You always need to have an older head on your board of directors. Younger chief executives are at a disadvantage but most of them are pretty clever people and call upon the older generation like me to give them a hand. This is a unique time because older managers are much more in demand, and at the same time the older customer is much more attractive.

For me, the most difficult time was the late 1980s and early 1990s, not only because there was a formal recession, but because Next was in deep trouble. The share price had gone down to 7p and we were going broke. But the big advantage I had was that everyone assumed we were going broke and everyone ignored us. We were able to get on and sort it out.

It’s about common sense. That sounds blasé, but when we set about getting Next sorted, it was about good staff, ensuring the stores looked good and getting the product right.
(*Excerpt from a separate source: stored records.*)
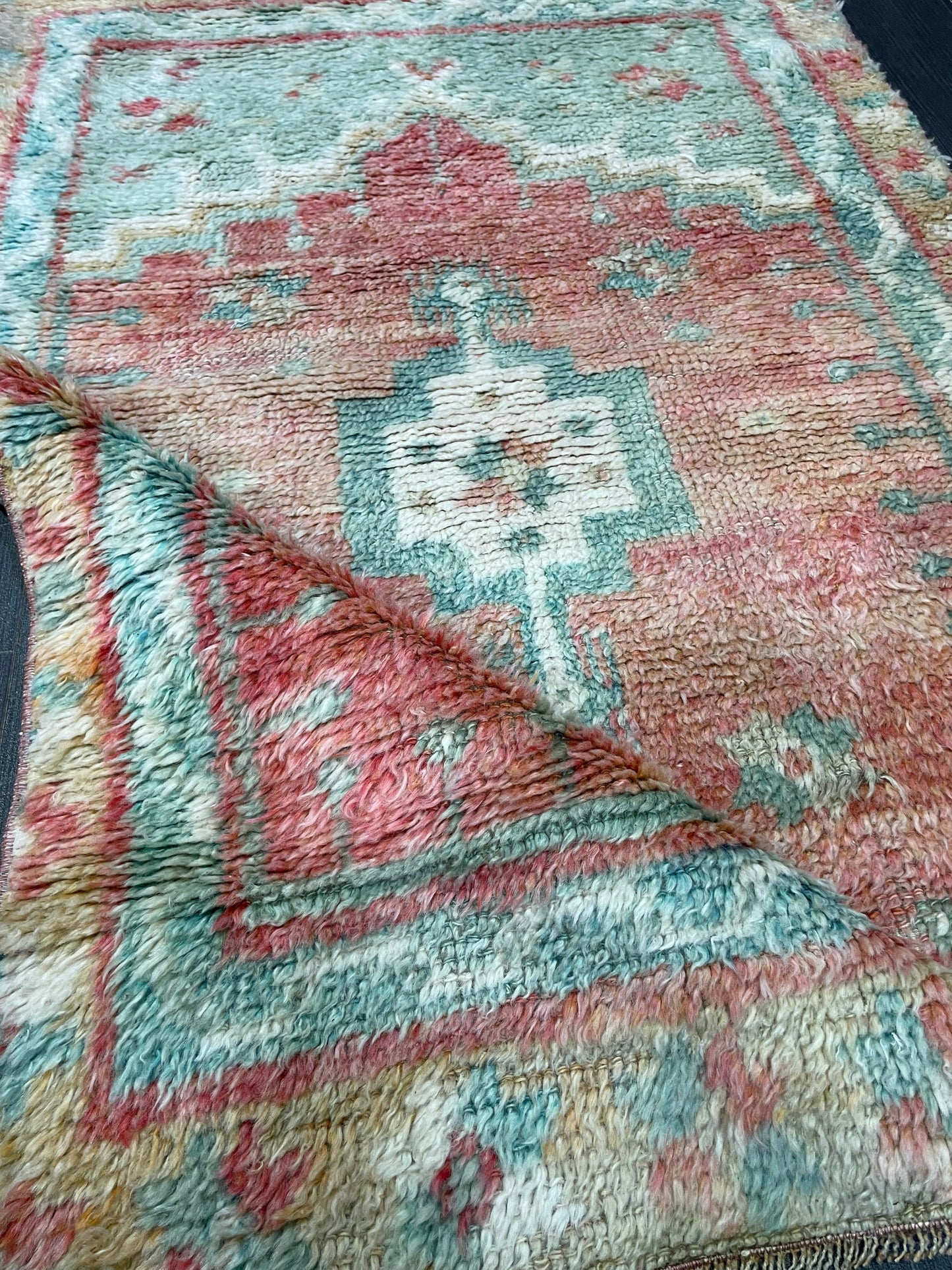 Antique Wool Rug, Vintage Shaggy 3x5 Rug, High Wool Pile Rug, Plush Rug, Handmade Rug, Hand Knotted Rug, Turkish Rug, Nomad Rug, Rear Rug,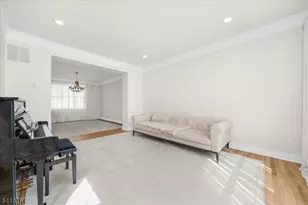 86 Treetops Cir, Franklin Township, NJ 08540 - Photo 15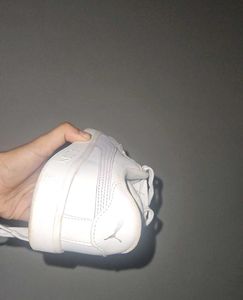 💜Puma White Claasic Sneakers Lavender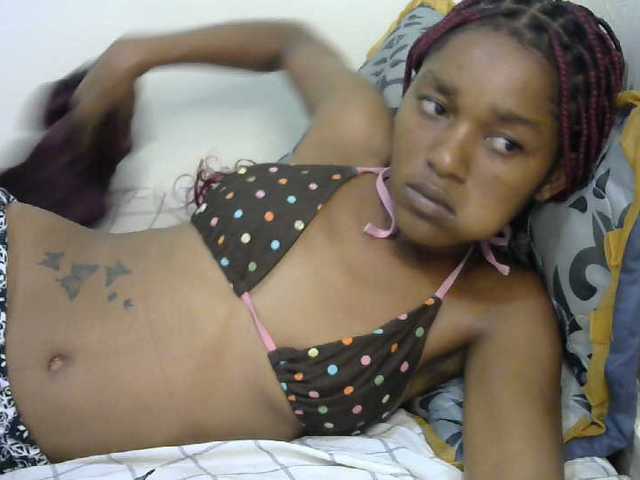 Truegirl2 live cam on BongaCams
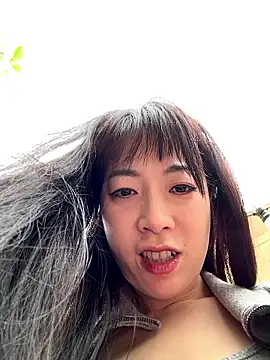 美女yourkeer在线直播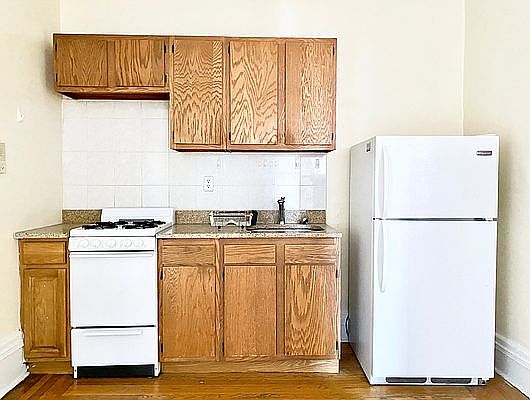 2nd image of 160 Claremont Ave APT 1J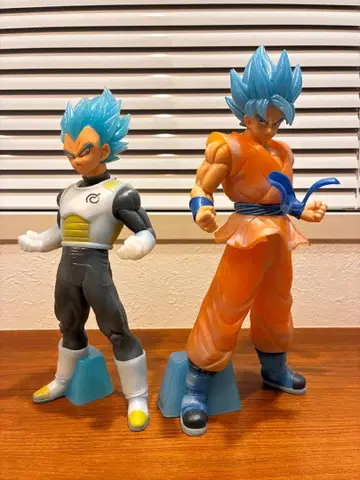 CLEARISE 슈퍼 사이어인 갓 슈퍼 사이어인 베지터 손오공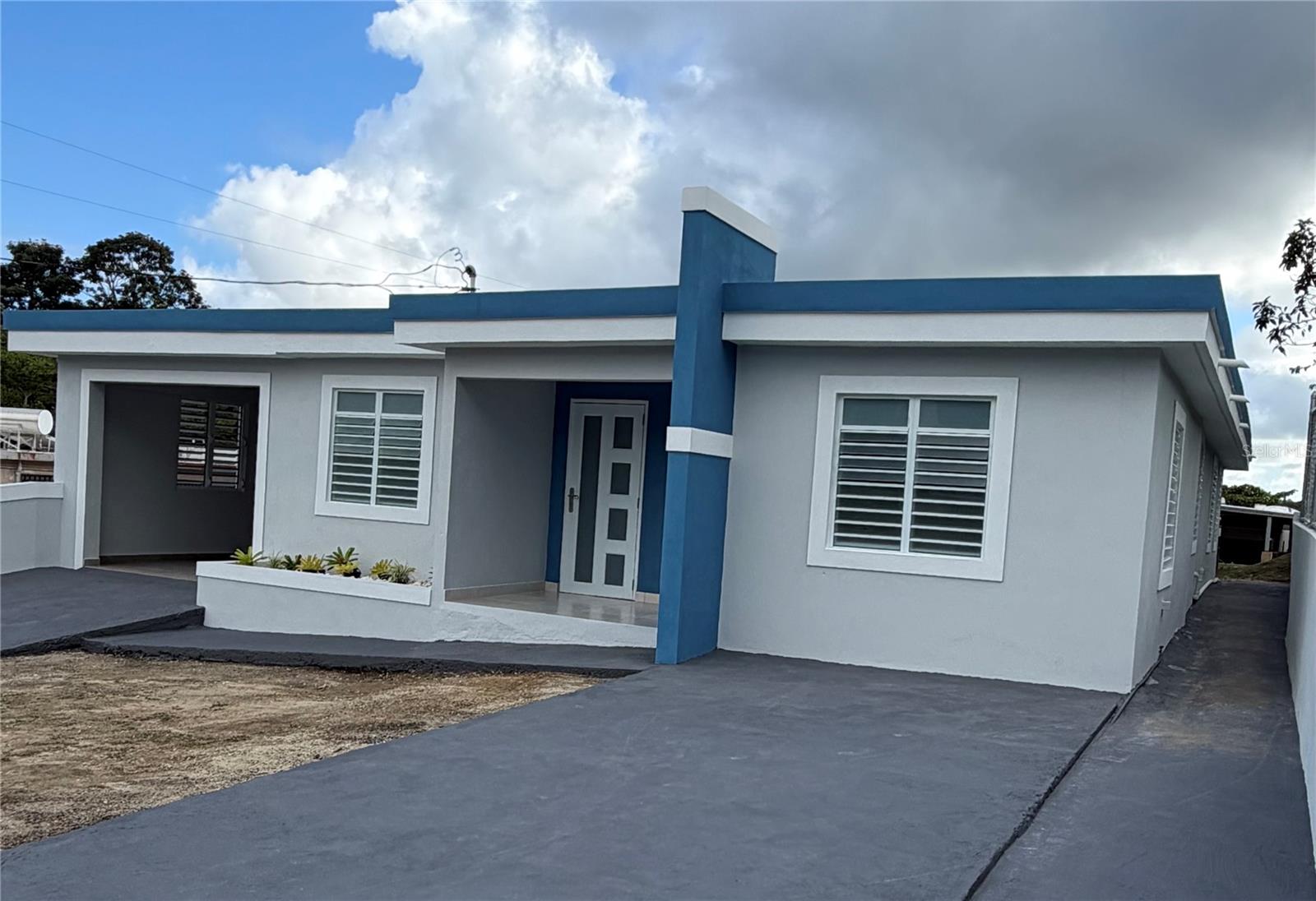 Photo of 85-A BO. COLLORES LAS PIEDRAS PR 00771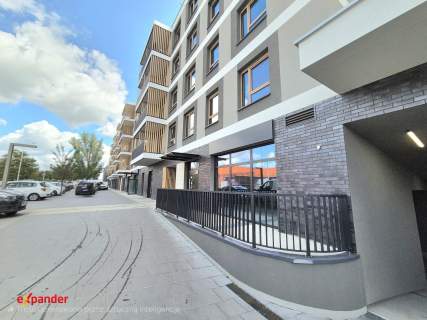 Lokal na Starym Mieście w apartamentowcu nad rzeką
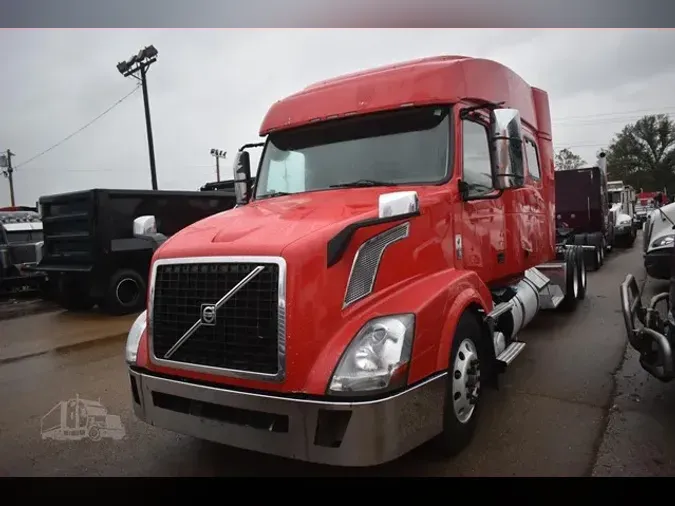 2018 VOLVO VNL64T730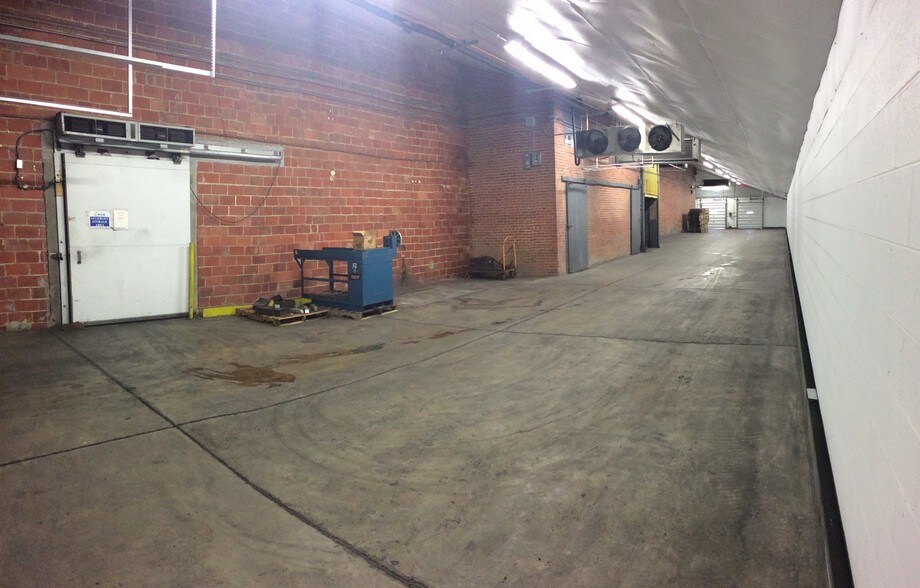 More Photos Of 605-625 N Loudoun St, Winchester Refrigeration Cold Storage For Lease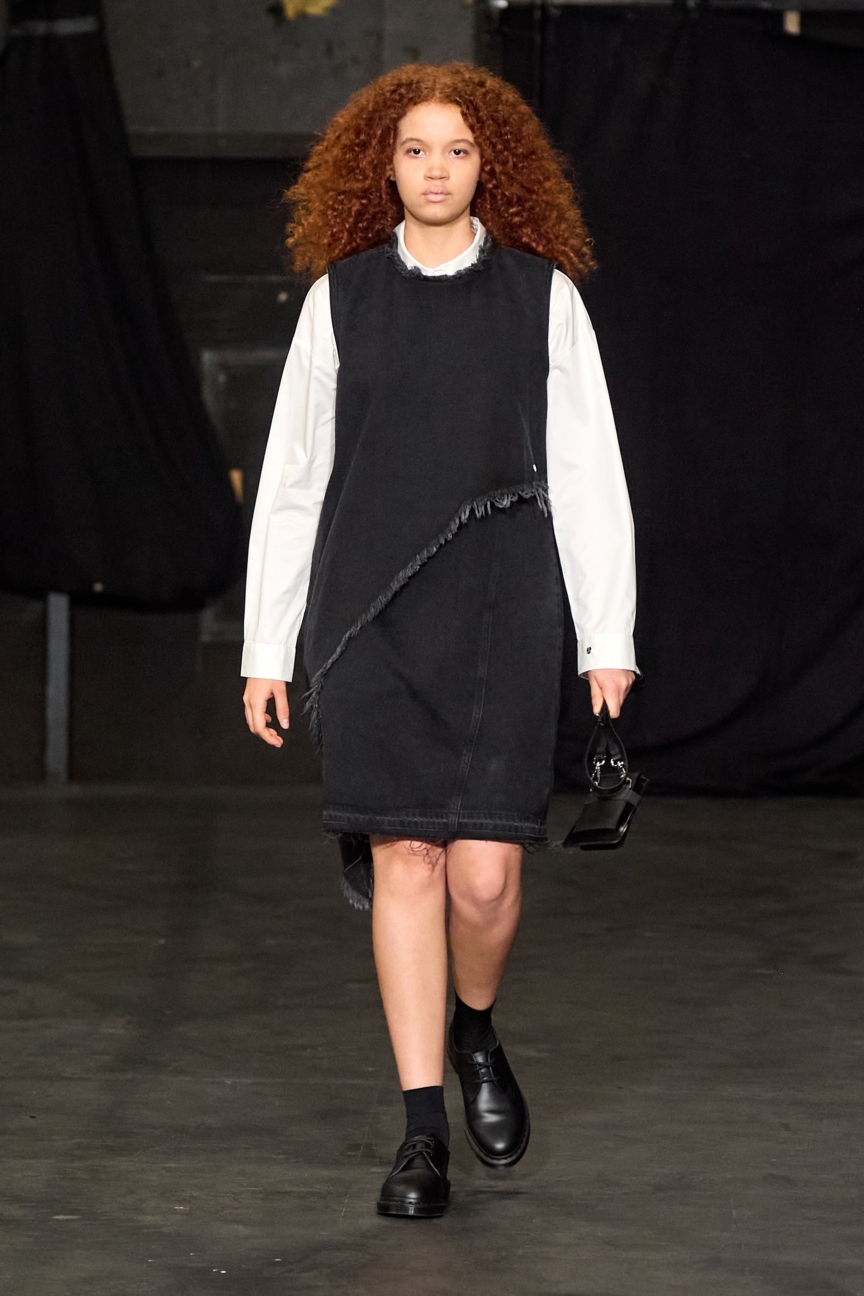 ss26-copenhagen-fashion-week-stel-runway-2x3-james-cochrane-9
Nothing else matters.

Lord Kalms

Founder of Dixons, now DSGi

The fact is there are opportunities for companies in a recession. My advice is you toughen yourself up – the strongest will survive.

The enormously difficult times were in the 1950s and 1960s. There were huge tax difficulties and government credit restrictions. Now it’s a free market and you haven’t got government hindrance. You’re not fighting with one hand tied behind your back; you’re fighting with both fists.

There are no excuses – you’ve got to go out there and slug it out. You need to make sure every one of your staff knows times are hard. Make sure you sharpen your prices and make sure no sale is lost.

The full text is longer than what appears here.